Whistler Waves Associated with the Uranian Bow Shock: Outbound Observations

C. W. Smith, H. K. Wong and M. L. Goldstein

Journal of Geophysical Research, A96, 15,841-15,852 (1991)


The encounter of the Voyager 2 spacecraft with the Uranian planetary system led to a series of outbound crossings of the Uranian bow shock between January 27 and January 30 of 1986. Examination of magnetic field data recorded in close proximity to the shock reveals a series of whistler wave events that appear to result from processes associated with the shock. Two wave events display two separate and simultaneous wave enhancements each, one at approximately 0.2 Hz and the second more nearly at 1 Hz in the spacecraft reference frame. The actual frequencies of the waves vary with the two events. Both wave enhancements of the two events are right-hand polarized in the spacecraft frame of reference. We have examined these wave events using high-resolution magnetic field data and conclude that they are analogous to those whistler waves upstream of the Earth's bow shock that are driven by beams of electrons. Using observations by the plasma wave science experiment on Voyager 2 to infer the likely presence of electron beams with modest beam speeds, we present an instability analysis and show that a single electron beam with reasonable parameters can generate both of the observed whistler wave forms simultaneously.
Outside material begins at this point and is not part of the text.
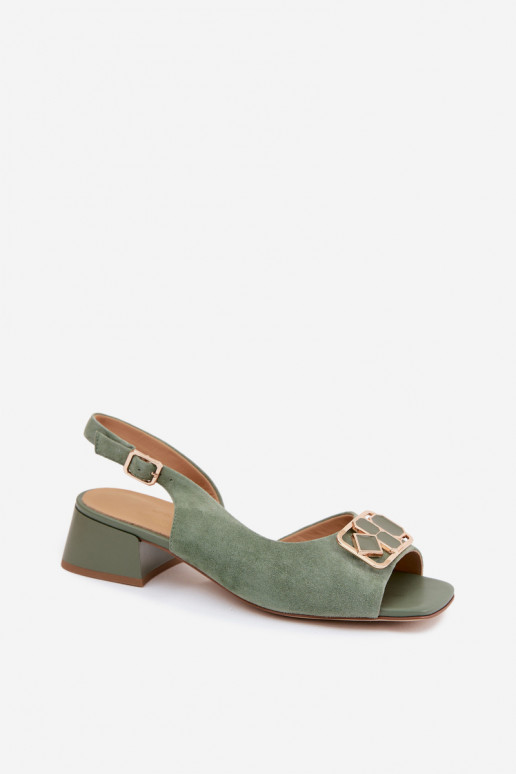 Elegantní styl Žabky Z Naturalnego Zamszu s podpatky D&A CE61-3127 zelené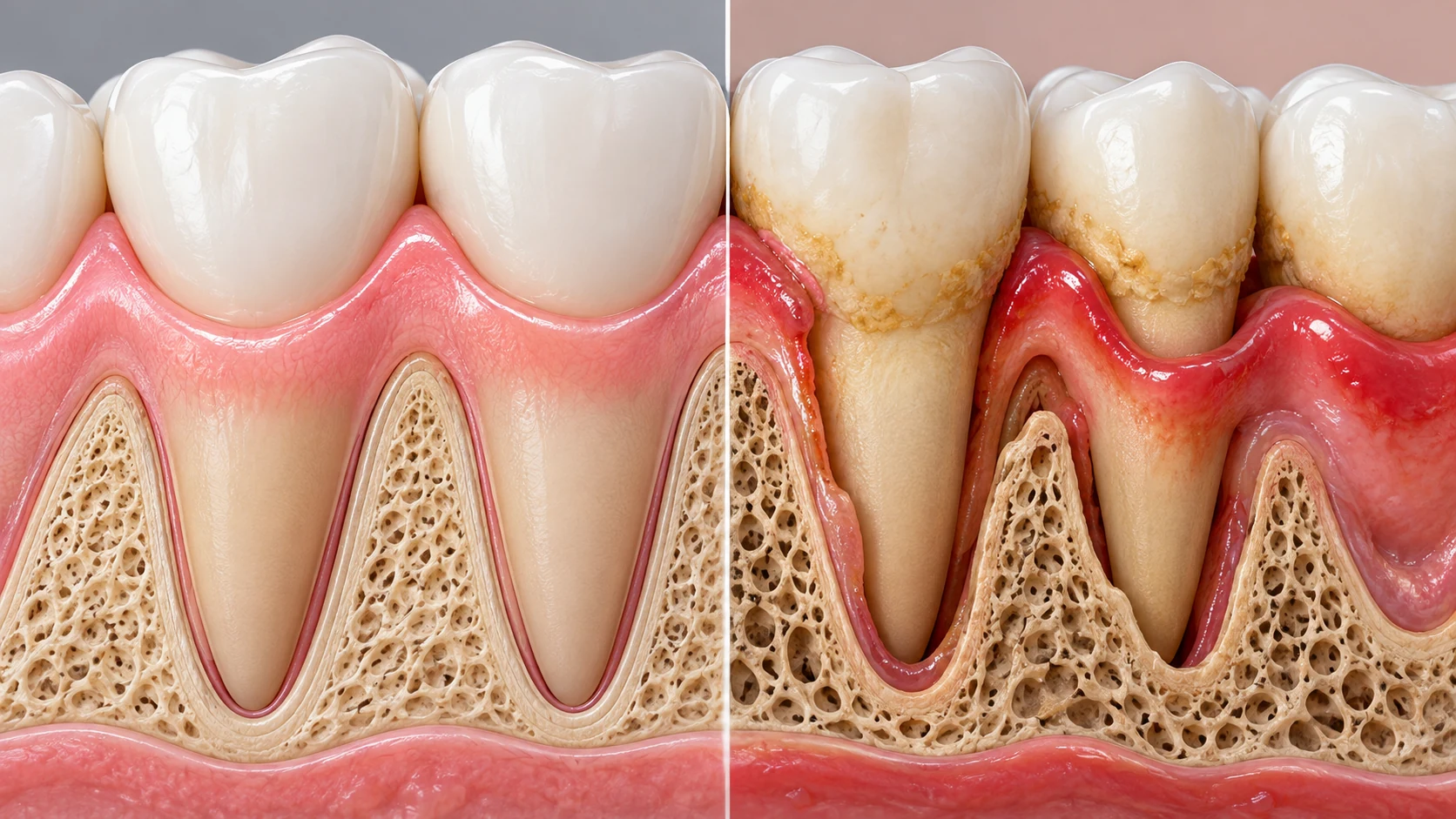 Comparación entre inflamación gingival y pérdida de soporte periodontal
A third wave event is also seen which occurs both upstream and downstream of a shock crossing. This event displays only one relatively broad spectral enhancement in the same frequency regime and is left-hand polarized in the spacecraft frame. We argue that this event is most likely the result of a gyrating proton distribution associated with the oblique shock. As such, it is analagous to whistler waves observed earlier during the inbound crossing of the Uranian shock.